Why did you choose to write and produce but not direct Stree?
We wrote the film with the intention to direct but we were busy with another project that we are currently shooting for. We felt this story could best be told now and we didn’t want to wait till we could direct the film. The only other way of owning the film was by producing it, so we did that.
How did you arrive at a point where you wanted to subvert patriarchy through a horror comedy?
The feminist angle wasn’t conscious. We just wanted to tell a horror story without taking a tried-and-tested path. It started from an incident back in my hometown Tirupati. We were going around town on a bike during Shivratri when we saw these texts on the wall saying, ‘Stree kal aana’. When we inquired, we were told it’s a mad woman who beats up people. Someone else said she doesn’t have a head. Another told us she steals babies. I filed it away in my head as something ridiculous. But later, I thought, ‘What if this was for real? What if she doesn’t steal babies but targets men?’. It occurred to us that there is so much subtext to this story. We started to call her ‘stree’–not ‘chudail’ or ‘pisaach’. That changed our course completely. The reality can be stark. In reality, women go through this every day. Someone steps out to shop for grocery and you can never be sure she will return home. Turning the gender concept on its head also made it funny. There is a predator out there and this time it’s a woman. In the film, a man steps out to urinate and the fear is that all there will be left of him are his clothes. In such case, how would a man feel? But because it’s a woman, you ask it go and she does; she also seeks consent.
You merge horror with comedy. Was that an attempt to make the genre more palatable to a larger audience?
We have never been the kind who can stick to defined genres, like love story or slice-of-life. So that was part of the reason but yes, horror is more palatable with humour. Those who enjoy horror may not find it spooky enough. But this film works as a good primer for all those who don’t like horror films and would never go for one. There is a sequence before the break, once the bike runs out of petrol, which is genuinely spooky. But most people started laughing at that point. It’s a reaction I was hoping for. We wanted to make a roller coaster ride that people enjoy and not one they never want to take again.

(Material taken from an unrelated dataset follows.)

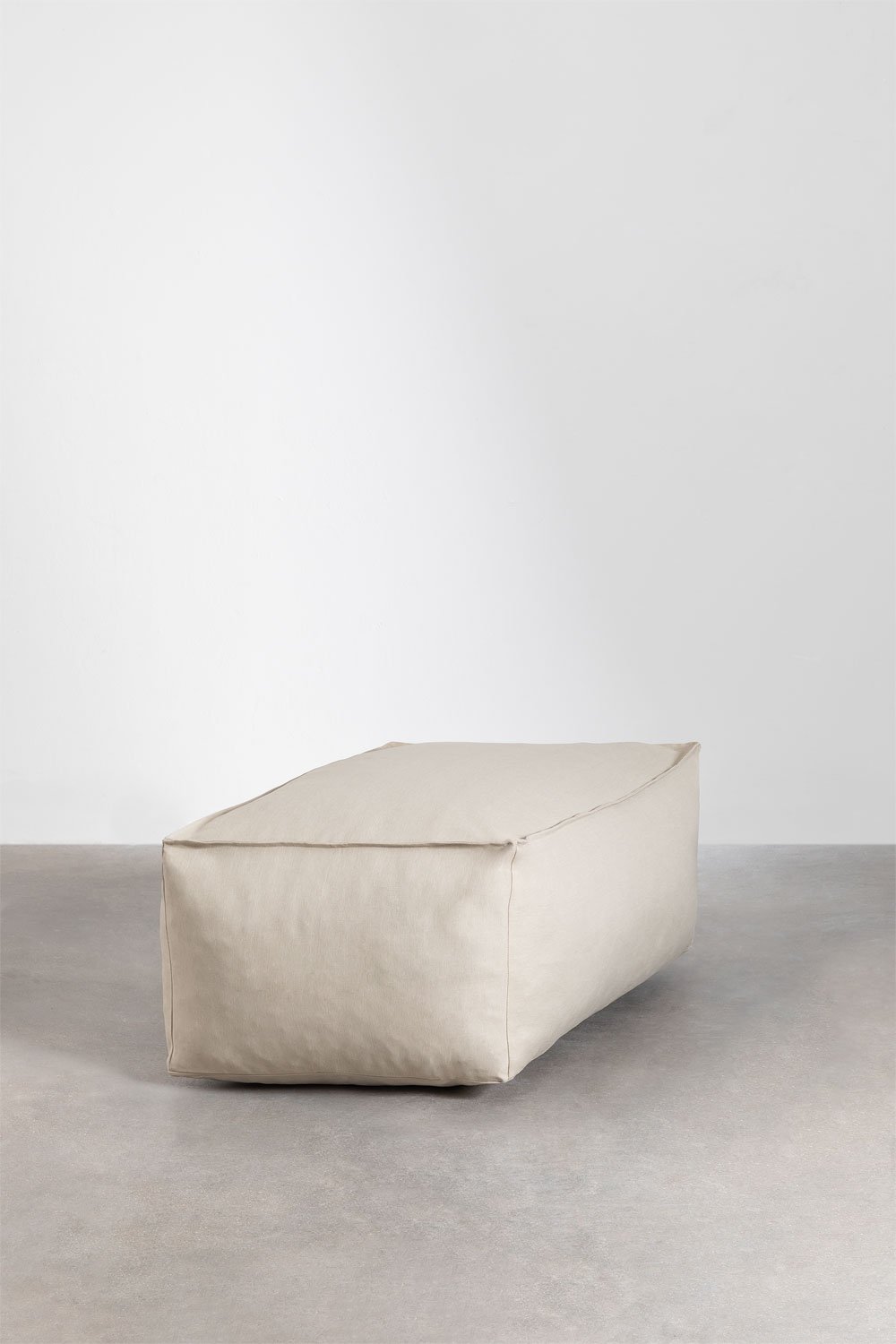 Pouf da giardino 110x65 cm in tessuto Dojans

But humour is also a part of your style. Go Goa Gone, too, was a zombie-comedy.
I view Go Goa Gone as a slacker comedy — three slackers amid nature. The obvious way would have been to have them attend a party where something goes wrong. We just pushed the envelope by reimagining that in the zombie space. Similarly, in Stree, you expect the movie to be a sweet little love story in a small town. We added an element of bizzare–it could have well been Thor’s hammer falling from the sky–and now, how would the character deal with it?
Why make the hero Vicky’s (Rajkummar Rao) mother a tawaif?
It’s a stereotype of a mother we wanted to play with. People are not defined by who their parents were or what they did for a living. This one was, in fact, one of my favourite victories in the film — the fact that my hero is the son of a prostitute who saves everyone’s lives. It’s about saying, ‘Let’s not judge people.’
Pankaj Tripathi’s character never reveals the fourth rule of escaping Stree.
That’s a writing quirk. For instance, we also did not want to waste 15 minutes of the second half giving Stree a back story. Our thought process was that this how it is and now people need to deal with it. So, yes, there is a fourth rule but we never tell you. Maybe we will tie it up when we work on a sequel.
At the end, the village places the plaque saying ‘O stree, raksha karna’ (Please protect us, Stree). Why the burden of deification on women?
It’s more about giving Stree what’s been missing so far — respect. It wasn’t so much about attaching the role of a protector but it went with the language we were using. Saying, ‘O stree hum tumhari izzat karte hain’ would have been out of place.
Doesn’t an item song in the film taking a stand for women seem out of place?
That’s our mistake. We were in two minds but we fell for the marketing ploy. A launda dance would not have been out of place in a small town during a festival but where we went wrong was in the way it was picturised. It’s something we won’t do anymore.
How do you look back at Happy Ending?
It was originally a Bombay story about a failed director and a failed actor who get together to plagiarise even better than they have or others around them do. All they want is a superhit film no matter what. So it was set in the city with locations such as Carter Road, Versova and so on — a self-referential meta film on top of a filmmaking community. But all that changed; we went to LA and shot with cool cars and locations. The meta film was supposed to play to the stereotypes and stereotypes not working was one of the ideas. But we became the very example of it.
Your co-writer and co-director DK is away shooting a web series and you join him soon. What is that one about?
It’s titled The Family Man and explores another new genre for us. It’s a thriller drama set against the backdrop of counter terrorism. The satirical humour comes from our system. In one line, we are calling it ‘Middle class guy, world class spy’. While usually we see spies living the cool life, what if this guy is an agent living out of, say, Chembur? What if he takes a beat-up Santro to the station where he has to take a train train to decrepit building where he works. But what he really does is counter terrorism. He has kids to take care of and his wife keeps telling him that while he does it for the country, it is just a job. Through this narrative, we explore the socio-political issues.